> [TASK DESCRIPTION] What you need to produce from the material below is an exact transcription of the lines from the one with "Worth, TX 76244" through the one with "30oz Tumbler Handler", both included, and no other line.

> [MATERIAL PROVIDED]
[Start of section]
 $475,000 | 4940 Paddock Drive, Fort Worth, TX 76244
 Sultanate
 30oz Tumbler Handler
[End of section]
[Start of section]
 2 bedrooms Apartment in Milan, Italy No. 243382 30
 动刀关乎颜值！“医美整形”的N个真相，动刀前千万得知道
[End of section]
[Start of section]
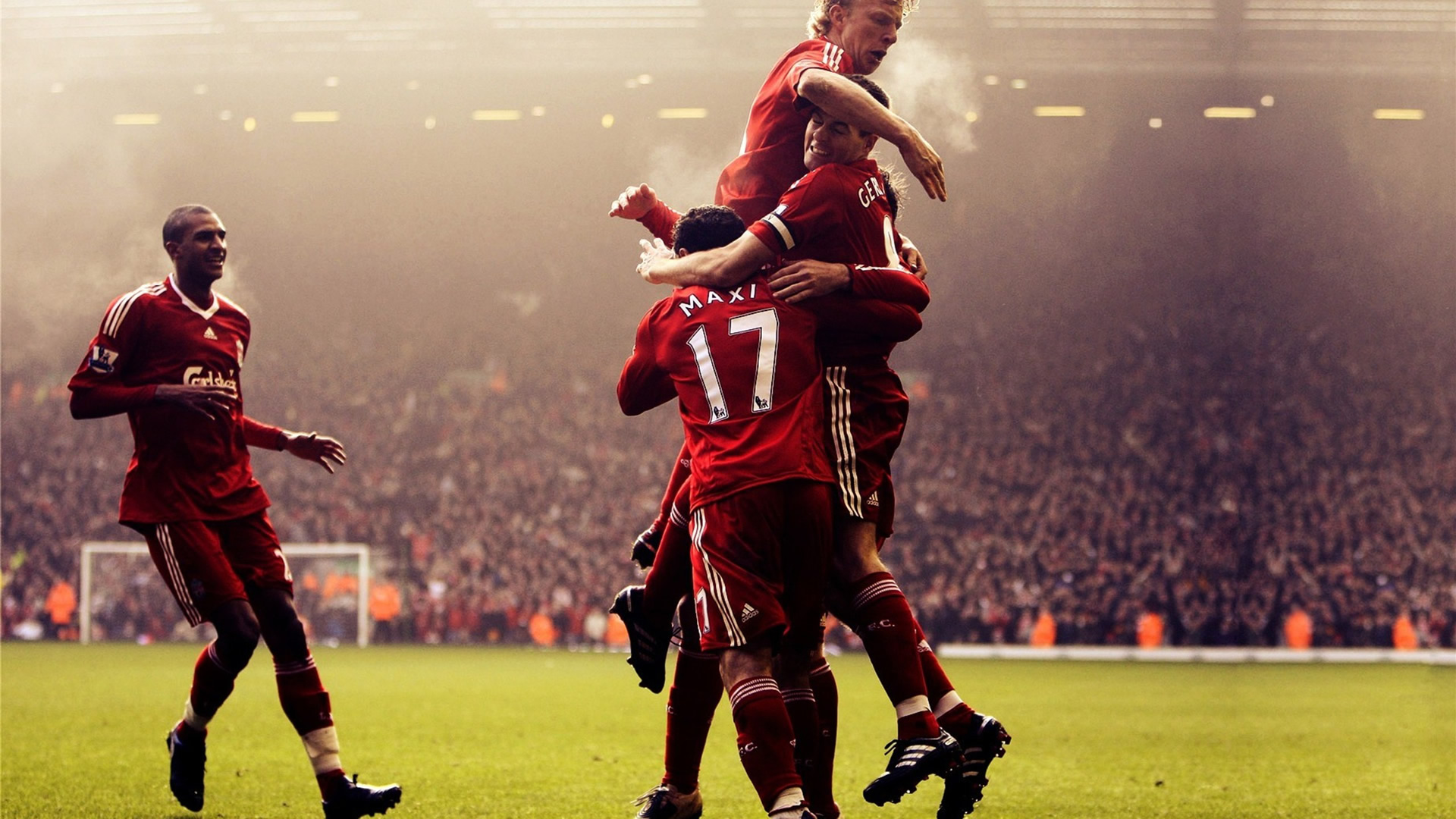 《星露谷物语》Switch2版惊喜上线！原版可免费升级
[End of section]
> [RESPONSE TO THE EXERCISE]
 $475,000 | 4940 Paddock Drive, Fort Worth, TX 76244
 Sultanate
 30oz Tumbler Handler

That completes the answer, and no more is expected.